TASK ITEM:
Starting at the line that holds "1234 Stagecoach Trail Justin, TX 76247", quote every line through the end of the records, both boundary lines included. Omit the pictures.

EXTRACTED ENTRIES:

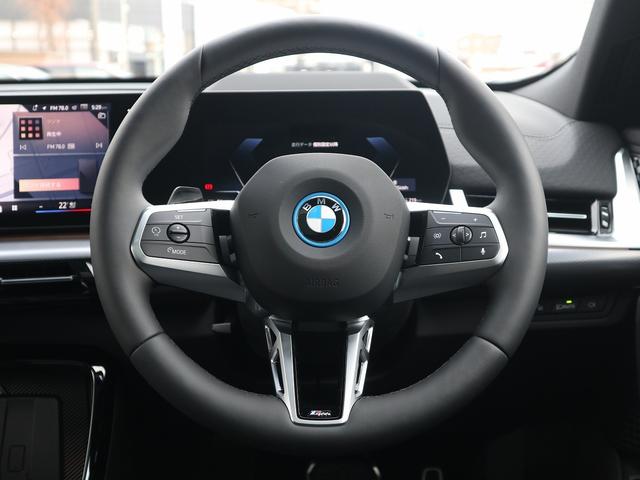 iX2 xDrive 30 Mスポーツ 4WD 黒革 パノラマガラスサンルーフ ACC トップビュー ヘッドアップD Harman Kardonスピーカー シート・ステアリングヒーター(8枚目)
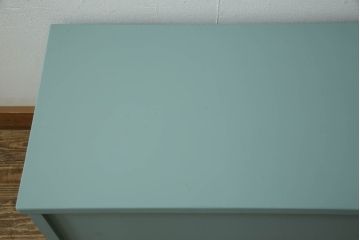 収納ベンチをリメイク!奥行きを小さくリサイズし、強度を確保。天板下に収納を設け、ブルーグレーにペイント仕上げ。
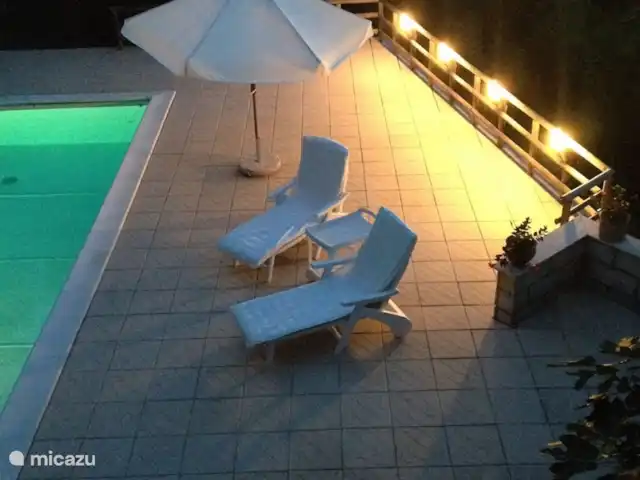 Location de Vacances Italie, Ombrie, Bettona, villa - Belle maison de vacances avec piscine Piscine la nuit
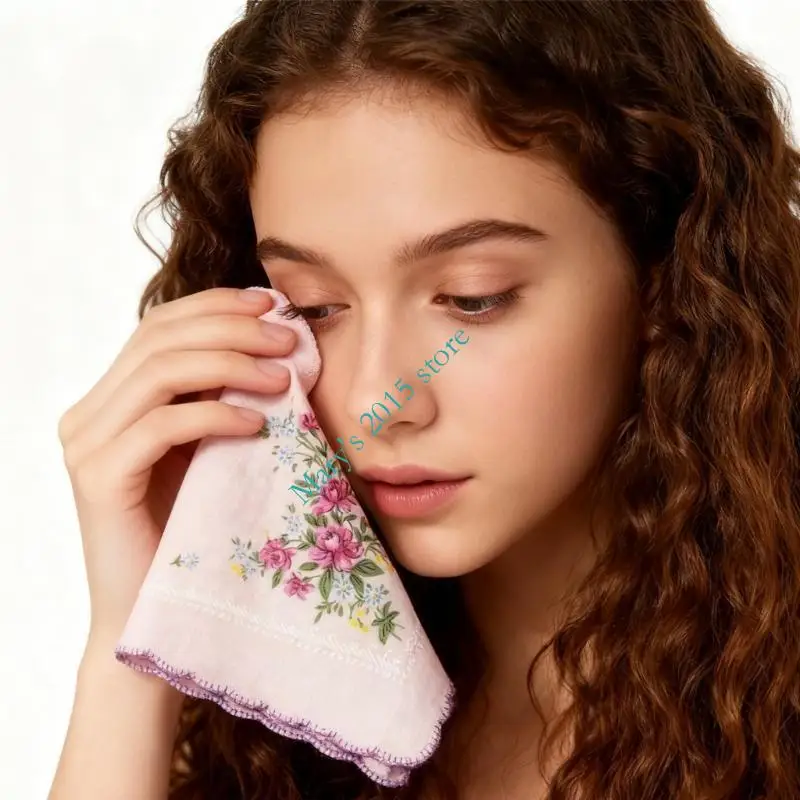 E15F 3/6 قطعة منديل قطني مطبوع أنيق خفيف الوزن بحجم الجيب للاستخدام اليومي #1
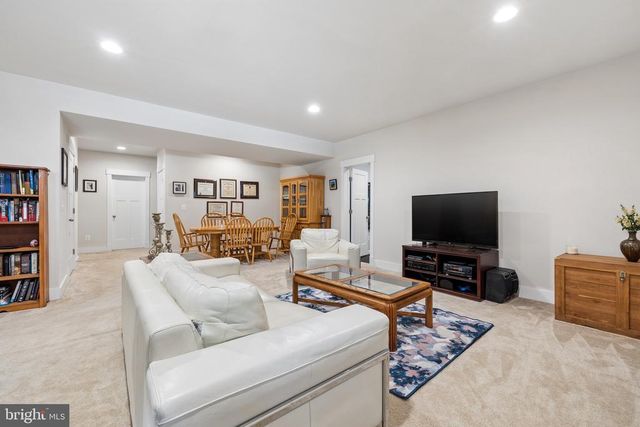 4853 POINT RD, Warrenton, VA 20187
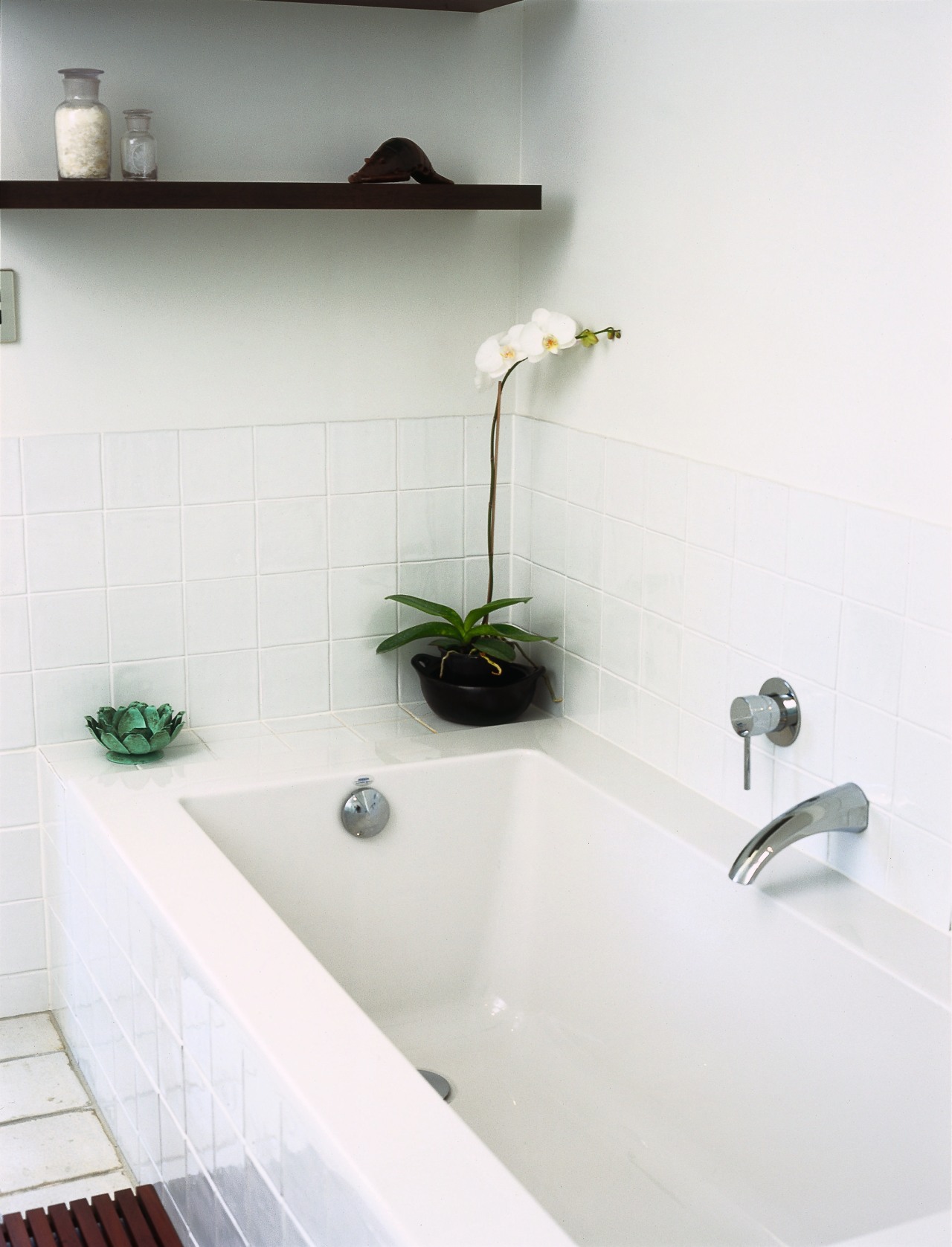 view of the contemporary baathroom featuring villaboard angle, bathroom, bathroom sink, plumbing fixture, product design, room, sink, tap, tile, wall, white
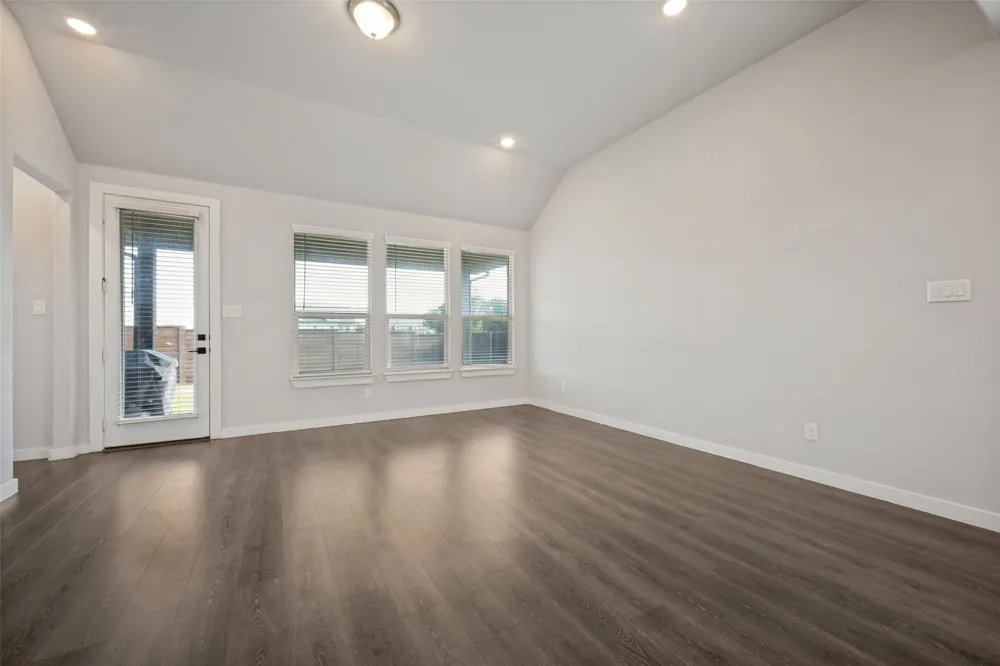 1234 Stagecoach Trail Justin, TX 76247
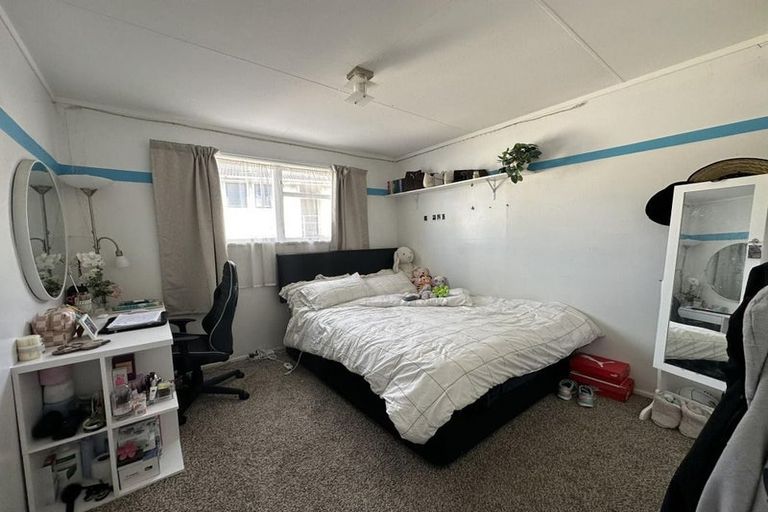 Photo of property in 18 Rangituhi Crescent, Takapuwahia, Porirua, 5022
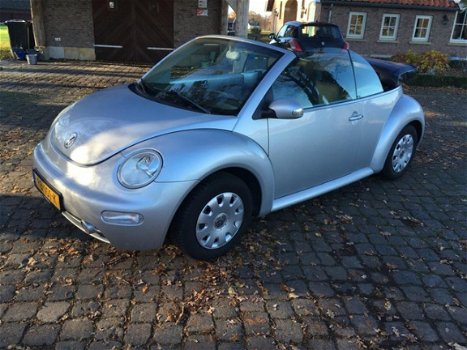 Volkswagen New Beetle Cabriolet - 2.0 Highline, incl. airco en stoelverwarming - 1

RESPONSE TO THE EXERCISE:
 1234 Stagecoach Trail Justin, TX 76247
 Photo of property in 18 Rangituhi Crescent, Takapuwahia, Porirua, 5022
 Volkswagen New Beetle Cabriolet - 2.0 Highline, incl. airco en stoelverwarming - 1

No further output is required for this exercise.